Similarly, because the FPGA can accelerate certain high-demand computing tasks, the performance requirement on the processor may be able to be reduced dramatically. Normally, in a system design, you have to size the processor for the absolute most demanding task your system needs to perform. Even though your system may almost never be required to use that level of performance, your CPU has to be built to handle the peak, so you’ve got a lot of extra CPU capability sitting around most of the time drinking power, taking up silicon real-estate, and just waiting for that big moment. Now, if the FPGA can handle that peak-demand computing task, the processor can be designed much more modestly. Poof! Another plethora of processor options vanishes in a puff of smoke.

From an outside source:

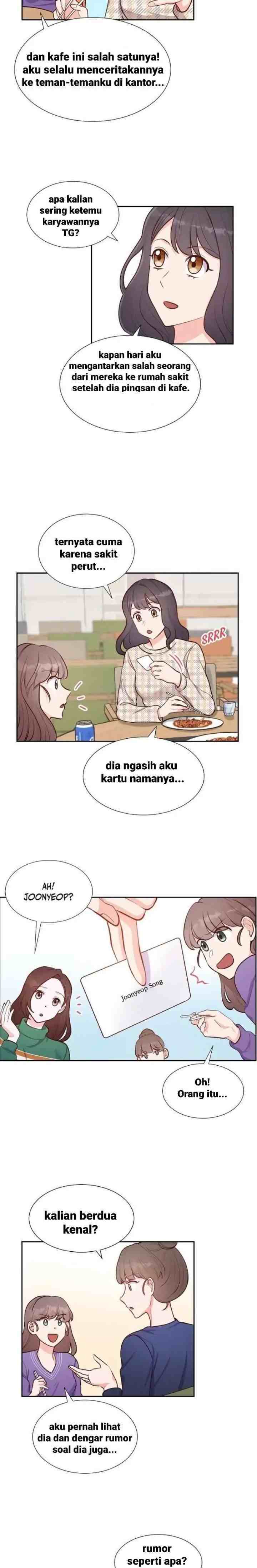 A Spoonful of Your Love chapter 9 halaman 9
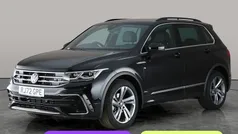 Used 2022 VW Tiguan R-line Edition SUV | £25,720 (Good price)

The more subtle advantages of the FPGA SoC may be even more important, however. When FPGAs are used as accelerators, the connection bandwidth between FPGA, processor, and memory becomes a bottleneck. When they occupy the same chip, the number of connections increases dramatically, and the power required to drive those connections drops as well. Now, instead of having to drive signals through IO buffers, across a PCB, and onto another chip, data passed between these essential elements can flow freely through short, efficient, highly-parallel, on-chip interconnect (or, increasingly, through silicon interposer connections with similar benefits and properties). At the same time, by freeing up all the IO pins that were previously required to connect the FPGA and processor to each other, more of the package’s IO capacity can be applied to other useful tasks.
The FPGA and processor combined into a single SoC may indeed be the ultimate chip for a huge range of applications. While the wider engineering community still eyes the new devices with a well-earned wall of wary skepticism, the hardware architecture of the current generation seems more than enough to allay the fears of skeptics. These devices – from both major vendors – are remarkably well engineered, with a clever balance of resources that will work well together in a gamut of application spaces.
Apart from the perception hurdles, the only real barrier to widespread adoption and success of these amazing new devices is the tool chain. For teams accustomed to implementing their application in software running solely on traditional processors, the task of programming a heterogeneous chip like an FPGA SoC is daunting. Certainly, even though the tools are improving rapidly, the flow is far less elegant, simple, and encapsulated than the well-known compiler-based approach to software application development. When the time finally arrives that optimizing your application for an FPGA SoC is as simple as compiling and linking some C code, these chips will truly take over the world.